• **Your instructions**
Across the whole listing, copy out every line that includes the string "Villa".

------------------------

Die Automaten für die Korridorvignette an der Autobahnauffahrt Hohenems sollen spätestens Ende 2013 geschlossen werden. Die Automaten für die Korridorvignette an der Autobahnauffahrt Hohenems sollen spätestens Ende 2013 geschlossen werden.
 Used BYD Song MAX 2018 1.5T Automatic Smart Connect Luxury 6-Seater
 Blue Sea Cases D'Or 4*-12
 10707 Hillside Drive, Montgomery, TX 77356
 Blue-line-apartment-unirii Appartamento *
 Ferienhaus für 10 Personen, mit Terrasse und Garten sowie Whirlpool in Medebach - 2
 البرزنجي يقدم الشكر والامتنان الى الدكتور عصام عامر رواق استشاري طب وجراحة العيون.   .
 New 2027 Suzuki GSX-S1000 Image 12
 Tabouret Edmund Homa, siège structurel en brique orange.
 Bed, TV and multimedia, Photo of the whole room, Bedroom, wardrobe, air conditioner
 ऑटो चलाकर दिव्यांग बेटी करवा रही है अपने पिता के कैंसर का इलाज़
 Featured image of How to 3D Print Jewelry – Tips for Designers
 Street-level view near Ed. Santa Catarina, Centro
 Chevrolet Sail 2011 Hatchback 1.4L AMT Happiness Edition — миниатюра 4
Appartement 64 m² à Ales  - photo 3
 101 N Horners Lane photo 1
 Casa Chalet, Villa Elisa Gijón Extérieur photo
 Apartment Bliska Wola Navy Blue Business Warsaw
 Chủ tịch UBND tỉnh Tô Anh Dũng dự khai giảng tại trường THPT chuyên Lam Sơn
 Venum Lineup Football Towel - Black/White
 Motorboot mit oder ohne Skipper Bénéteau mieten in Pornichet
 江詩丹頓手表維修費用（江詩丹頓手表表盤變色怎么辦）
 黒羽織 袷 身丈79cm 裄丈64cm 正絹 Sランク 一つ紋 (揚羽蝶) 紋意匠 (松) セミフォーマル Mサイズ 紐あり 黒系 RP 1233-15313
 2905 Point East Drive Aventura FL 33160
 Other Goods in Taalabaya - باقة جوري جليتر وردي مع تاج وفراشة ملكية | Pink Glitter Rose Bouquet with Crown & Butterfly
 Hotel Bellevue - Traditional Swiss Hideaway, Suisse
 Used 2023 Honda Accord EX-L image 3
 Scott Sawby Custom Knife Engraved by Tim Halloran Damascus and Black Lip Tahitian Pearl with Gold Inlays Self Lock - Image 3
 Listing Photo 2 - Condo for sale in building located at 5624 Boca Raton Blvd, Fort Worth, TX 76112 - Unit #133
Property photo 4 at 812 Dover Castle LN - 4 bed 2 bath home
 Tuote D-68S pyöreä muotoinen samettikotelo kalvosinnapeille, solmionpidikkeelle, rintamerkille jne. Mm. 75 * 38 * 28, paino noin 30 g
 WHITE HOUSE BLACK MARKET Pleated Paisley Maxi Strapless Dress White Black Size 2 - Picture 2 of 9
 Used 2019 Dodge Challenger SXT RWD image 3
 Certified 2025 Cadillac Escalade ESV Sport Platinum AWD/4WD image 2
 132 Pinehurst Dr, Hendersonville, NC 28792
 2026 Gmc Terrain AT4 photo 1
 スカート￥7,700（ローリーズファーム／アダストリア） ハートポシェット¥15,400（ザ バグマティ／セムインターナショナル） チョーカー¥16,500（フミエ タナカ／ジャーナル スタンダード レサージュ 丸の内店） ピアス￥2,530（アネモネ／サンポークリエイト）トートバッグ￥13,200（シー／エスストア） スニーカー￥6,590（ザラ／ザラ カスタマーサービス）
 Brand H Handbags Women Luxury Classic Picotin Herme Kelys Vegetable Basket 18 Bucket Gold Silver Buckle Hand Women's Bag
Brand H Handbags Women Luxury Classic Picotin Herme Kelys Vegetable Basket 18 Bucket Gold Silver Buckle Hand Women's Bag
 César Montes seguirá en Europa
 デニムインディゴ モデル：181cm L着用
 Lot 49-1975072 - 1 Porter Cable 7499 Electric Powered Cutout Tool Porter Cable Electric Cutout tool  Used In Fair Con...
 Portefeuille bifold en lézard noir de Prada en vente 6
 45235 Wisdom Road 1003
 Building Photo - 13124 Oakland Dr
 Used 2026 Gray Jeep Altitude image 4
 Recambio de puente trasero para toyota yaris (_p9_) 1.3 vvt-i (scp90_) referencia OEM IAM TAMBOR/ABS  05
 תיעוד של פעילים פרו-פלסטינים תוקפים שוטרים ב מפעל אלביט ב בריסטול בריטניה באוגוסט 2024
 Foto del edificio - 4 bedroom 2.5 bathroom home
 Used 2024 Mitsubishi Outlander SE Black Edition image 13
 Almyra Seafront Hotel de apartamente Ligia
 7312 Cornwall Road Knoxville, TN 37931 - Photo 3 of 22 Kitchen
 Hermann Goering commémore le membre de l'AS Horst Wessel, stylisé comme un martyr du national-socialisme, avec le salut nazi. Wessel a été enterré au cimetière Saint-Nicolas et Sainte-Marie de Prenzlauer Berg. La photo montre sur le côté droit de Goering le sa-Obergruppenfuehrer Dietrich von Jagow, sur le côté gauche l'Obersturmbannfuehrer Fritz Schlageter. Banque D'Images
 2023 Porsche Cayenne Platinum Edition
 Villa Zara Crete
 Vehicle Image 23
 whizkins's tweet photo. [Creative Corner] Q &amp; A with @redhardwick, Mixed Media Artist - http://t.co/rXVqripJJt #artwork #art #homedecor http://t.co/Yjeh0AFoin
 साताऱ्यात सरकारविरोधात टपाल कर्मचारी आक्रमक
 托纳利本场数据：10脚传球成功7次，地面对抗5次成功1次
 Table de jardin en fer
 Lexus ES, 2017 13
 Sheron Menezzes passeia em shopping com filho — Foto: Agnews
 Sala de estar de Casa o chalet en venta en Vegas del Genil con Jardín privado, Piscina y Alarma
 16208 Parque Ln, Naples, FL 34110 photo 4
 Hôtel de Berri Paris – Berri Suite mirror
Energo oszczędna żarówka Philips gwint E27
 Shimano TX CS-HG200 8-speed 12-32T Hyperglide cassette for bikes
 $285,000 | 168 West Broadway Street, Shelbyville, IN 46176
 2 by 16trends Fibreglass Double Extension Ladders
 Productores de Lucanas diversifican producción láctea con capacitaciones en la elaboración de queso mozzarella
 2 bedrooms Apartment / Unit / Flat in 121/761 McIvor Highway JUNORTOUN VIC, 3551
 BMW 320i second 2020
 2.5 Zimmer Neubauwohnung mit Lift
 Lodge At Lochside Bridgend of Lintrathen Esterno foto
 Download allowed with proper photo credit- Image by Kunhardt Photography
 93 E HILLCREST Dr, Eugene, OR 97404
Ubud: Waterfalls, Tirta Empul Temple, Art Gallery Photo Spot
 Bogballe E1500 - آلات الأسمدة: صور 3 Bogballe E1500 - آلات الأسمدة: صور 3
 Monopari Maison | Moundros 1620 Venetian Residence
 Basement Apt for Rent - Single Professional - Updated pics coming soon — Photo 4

------------------------

• **Result**
 Casa Chalet, Villa Elisa Gijón Extérieur photo
 Villa Zara Crete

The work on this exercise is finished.